Task description: The records that follow must be reproduced in full, with every picture excluded.

Top of Information supplied

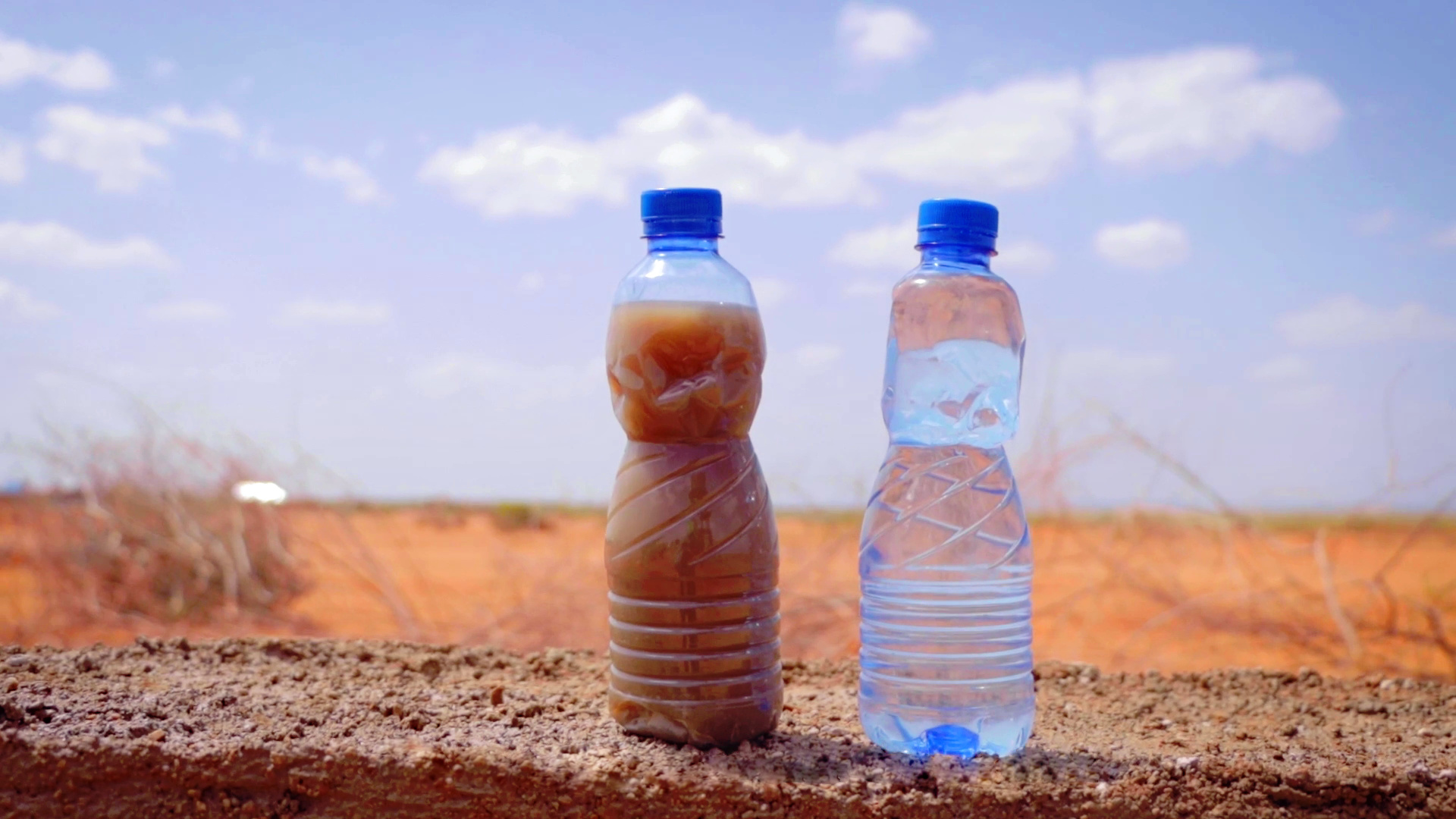 Zwei Kunststoffflaschen auf Sandboden vor blauem Himmel. Die rechte Flasche gefüllt mit undurchsichtiger, brauner Flüssigkeit, die linke mit glasklarer Flüssigkeit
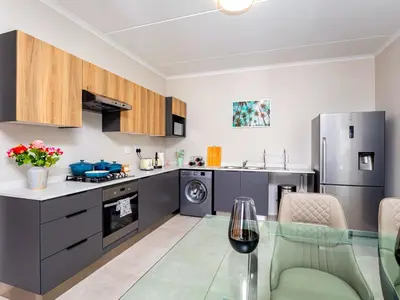 a kitchen with stainless steel appliances and a glass table at Glen Haven in Midrand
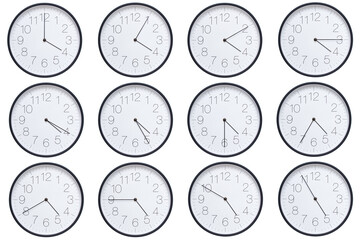  A set of twelve round wall clocks with dark brown frames and white faces showing 5-minute time...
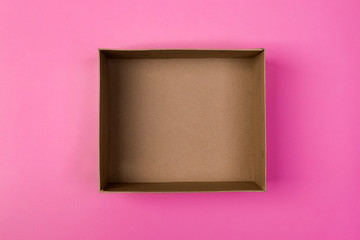 empty cardboard paper box on pink background. delivery concept, top view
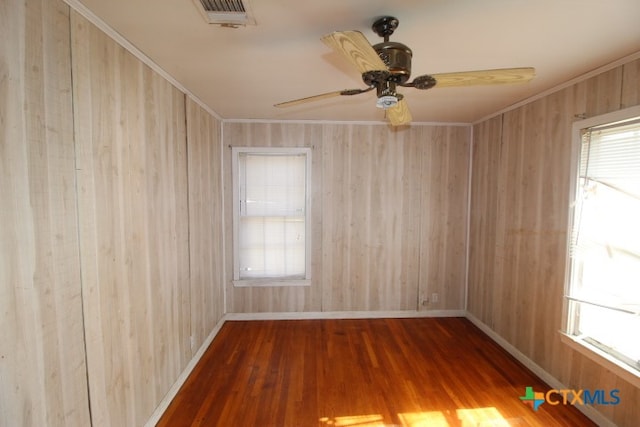 spare room featuring hardwood / wood-style flooring, ceiling fan, wood walls, and ornamental molding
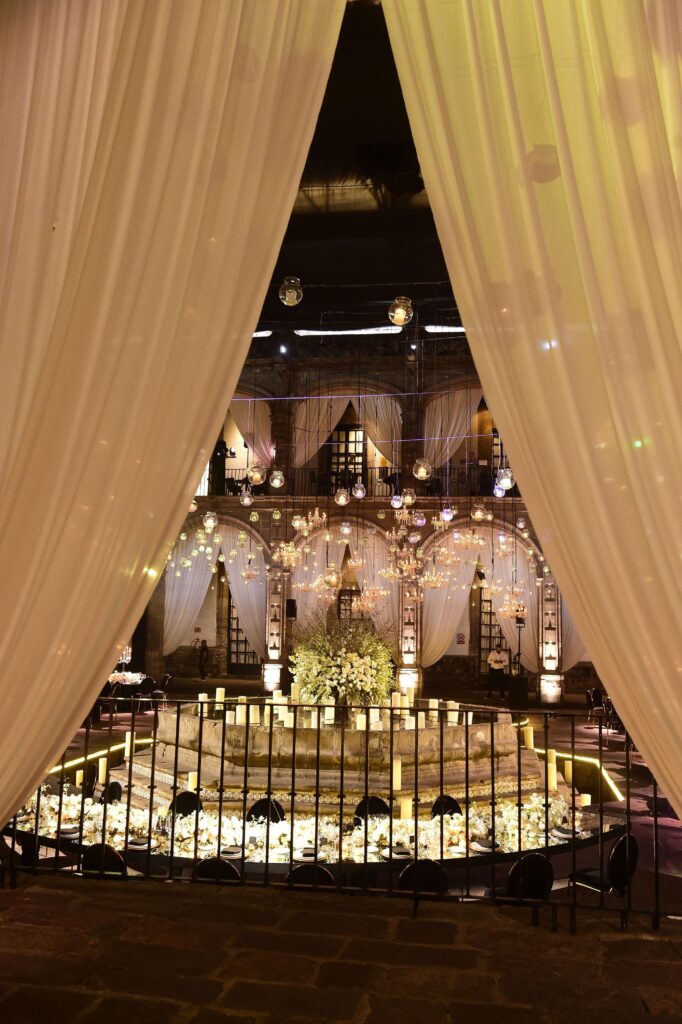 Draped curtain entrance leading into candlelit wedding reception
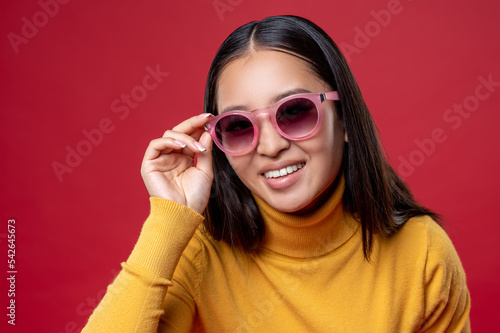 Smiling happy girl touching the rim of her sunglasses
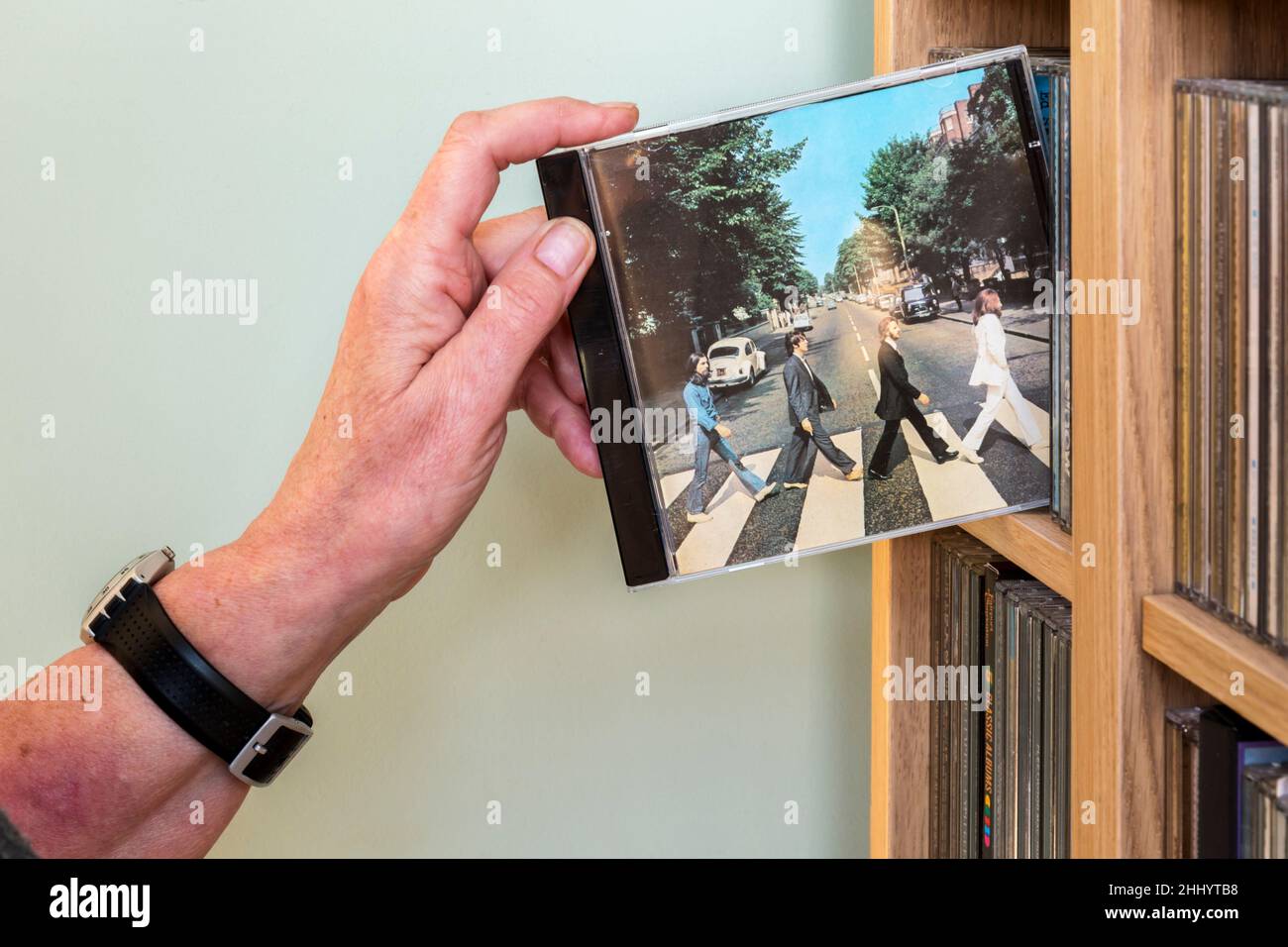 A CD of Abbey Road by The Beatles being removed from a rack. It was the 11th studio album by The Beatles, released in 1969. Stock Photo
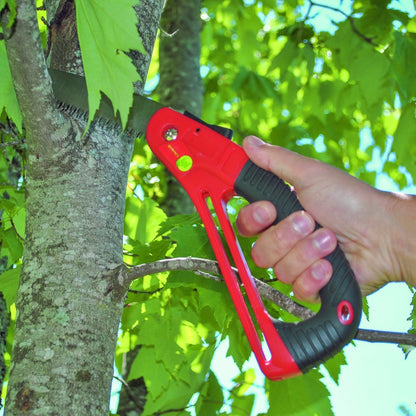 A hand holding a red pruning saw and cutting a tree branch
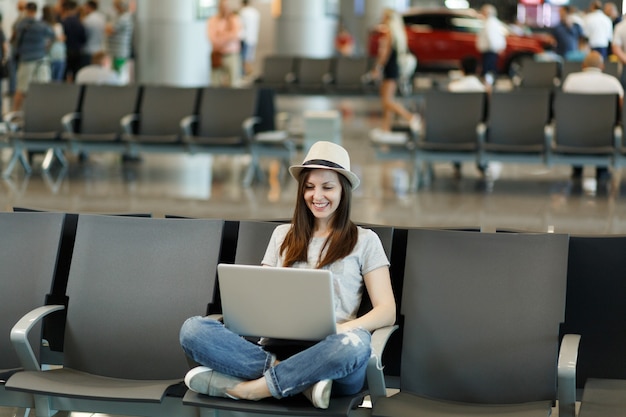 Jeune femme touristique souriante au chapeau assis avec les jambes croisées travaillant sur un ordinateur portable attendre dans le hall de l'aéroport international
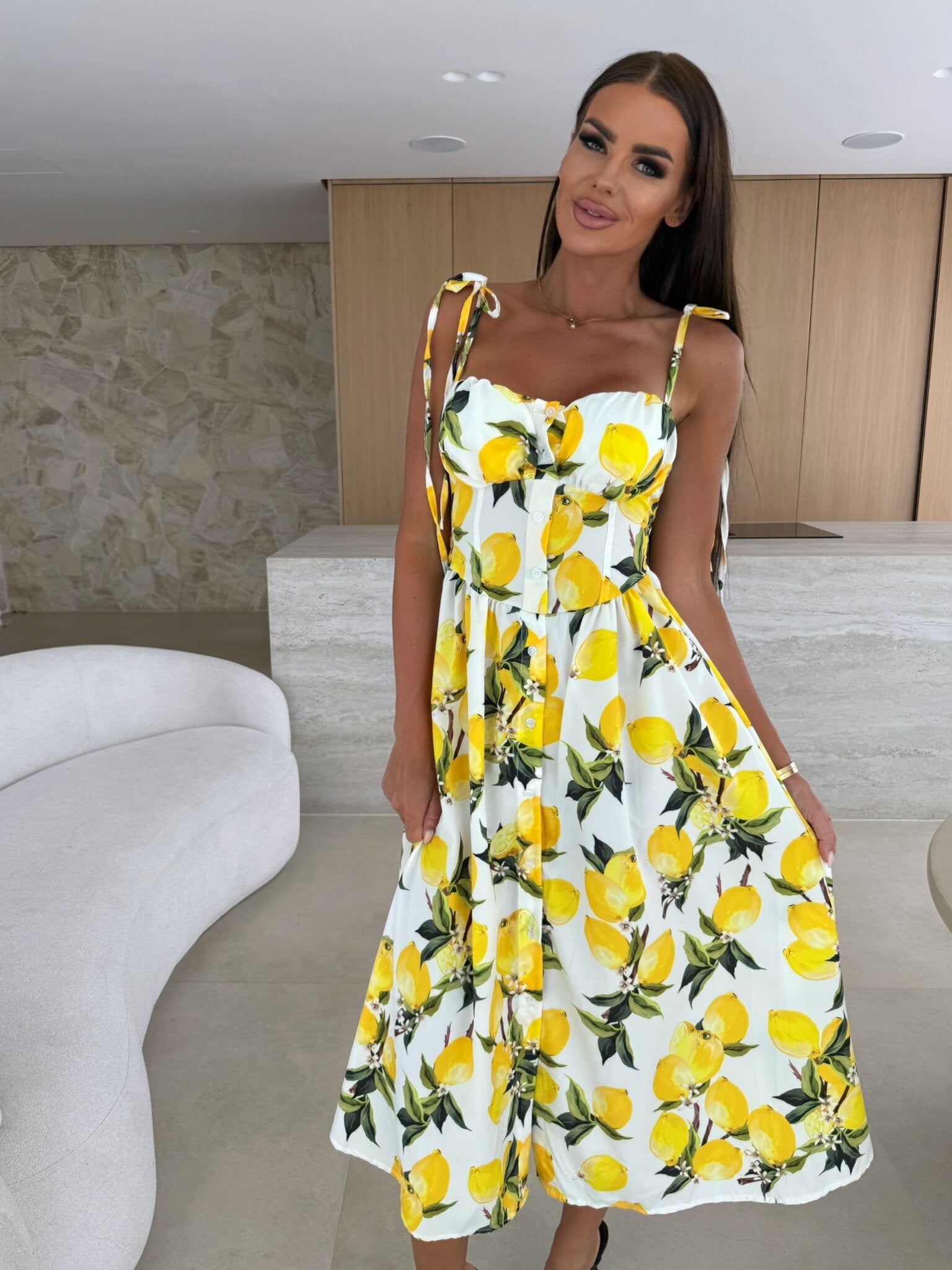 Woman wearing a dress with lemon print in a modern indoor setting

Bottom of Information supplied

Solution to the exercise:
 Zwei Kunststoffflaschen auf Sandboden vor blauem Himmel. Die rechte Flasche gefüllt mit undurchsichtiger, brauner Flüssigkeit, die linke mit glasklarer Flüssigkeit
 a kitchen with stainless steel appliances and a glass table at Glen Haven in Midrand
  A set of twelve round wall clocks with dark brown frames and white faces showing 5-minute time...
 empty cardboard paper box on pink background. delivery concept, top view
 spare room featuring hardwood / wood-style flooring, ceiling fan, wood walls, and ornamental molding
 Draped curtain entrance leading into candlelit wedding reception
 Smiling happy girl touching the rim of her sunglasses
 A CD of Abbey Road by The Beatles being removed from a rack. It was the 11th studio album by The Beatles, released in 1969. Stock Photo
 A hand holding a red pruning saw and cutting a tree branch
 Jeune femme touristique souriante au chapeau assis avec les jambes croisées travaillant sur un ordinateur portable attendre dans le hall de l'aéroport international
 Woman wearing a dress with lemon print in a modern indoor setting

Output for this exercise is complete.